In a unique approach that sets it apart, the tool also lets users record their own voice—making sounds like “whoosh” or “clip-clop”—to guide the AI in generating effects with specific timing and intensity. This launch is part of Adobe’s broader strategy to build a complete, commercially safe toolkit.
The “Generate Sound Effects” tool increases competition in the race to dominate AI audio creation, pitting Adobe against rivals like Meta, ElevenLabs, Stability AI, and NVIDIA.
From ‘Whoosh’ to Soundscape: A New Way to Generate Audio
Announced on July 17, 2025, the new Generate Sound Effects tool represents a significant step forward in intuitive content creation. Instead of relying solely on text, creators can now provide vocal cues to shape the final audio output. This audio-led prompting was first teased in Adobe’s Project Super Sonic experiment.
The system analyzes the cadence and rhythm of the user’s recording to place sound effects precisely where they belong in a video timeline. This innovative workflow aims to bridge the gap between a creator’s intent and the AI’s interpretation, a common friction point in generative tools.
Beyond Sound: Firefly’s Expanded Video and Partner Toolkit
This audio generator is just one piece of a larger update to Firefly’s video capabilities. Adobe also introduced “Composition Reference,” a feature that allows users to upload a reference video to mirror its composition in a new AI-generated clip. This gives creators more control over shot framing and consistency.
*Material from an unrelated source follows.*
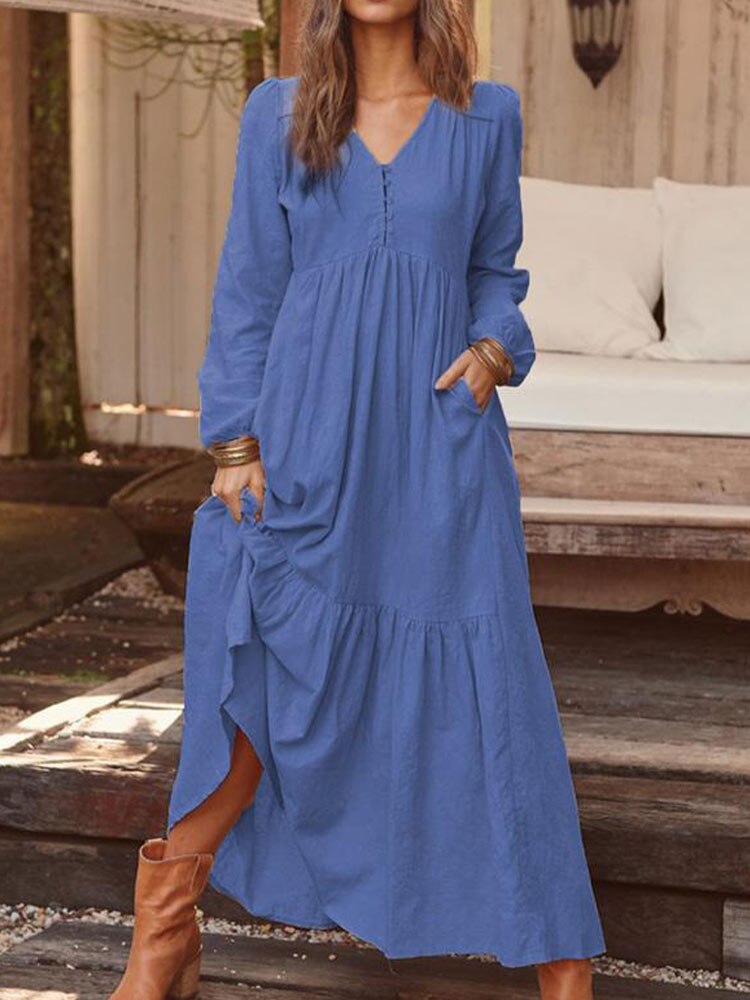Autumn Cotton Long Dress Women Retro Solid Color Maxi Dress Lantern Sleeve with Pocket Pleated Casual Dresses V Neck Robe Femme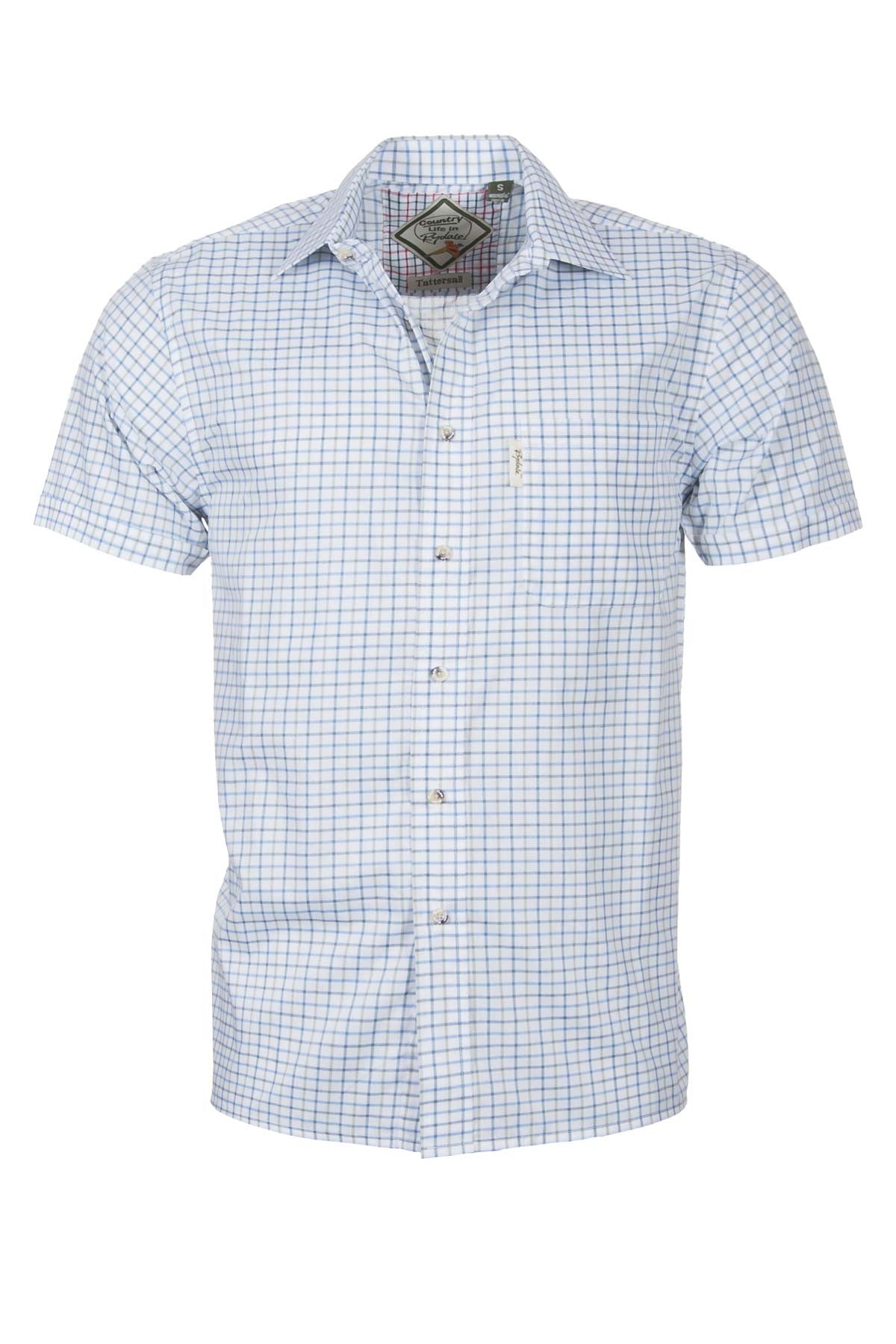 Tattersall Blue - Mens Easy Care Short Sleeved Shirt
The update also includes “Style Presets” for applying visual styles like claymation or anime with a single click, and “Keyframe Cropping” to streamline editing workflows. In a nod to the growing demand for scalable content, Adobe also launched “Text to Avatar (beta),” which turns scripts into videos led by a digital presenter.
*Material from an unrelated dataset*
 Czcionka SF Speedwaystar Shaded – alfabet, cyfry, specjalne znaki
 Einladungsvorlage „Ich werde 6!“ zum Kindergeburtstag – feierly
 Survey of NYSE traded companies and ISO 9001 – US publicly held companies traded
Further expanding its ecosystem, Adobe is integrating third-party AI models from partners like Runway, Google, Pika, and Luma AI directly into Firefly. Adobe’s Generative AI lead, Alexandru Costin, suggested that “similar controls and presets may be available to use with third-party AI models in the future”, signaling a future where Firefly acts as a central hub for various generative technologies.
Navigating the Crowded and Contentious AI Audio Market
Adobe’s entry into AI sound generation places it in a fiercely competitive field. ElevenLabs launched its own sound effects tool back in June 2024, emphasizing its use of ethically sourced data through a partnership with Shutterstock.
Meanwhile, Stability AI and Arm released an open-source, on-device model in May 2025, focusing on royalty-free audio to avoid copyright disputes. Meta in 2023 launched AudioCraft, a generative AI platform that allows users to create original music and audio content with just a few clicks.
The industry remains cautious, however. NVIDIA unveiled its advanced Fugatto model in November 2024 but has withheld its public release over ethical concerns. Bryan Catanzaro, a VP at Nvidia, told Reuters at the time, “any generative technology always carries some risks, because people might use that to generate things that we would prefer they don’t,” underscoring the risks of misuse. This cautious stance reflects the legal battles faced by other AI firms over copyright infringement.
By building its models on commercially safe datasets and integrating multiple tools into a single platform, Adobe is positioning Firefly as a reliable and comprehensive solution for creative professionals.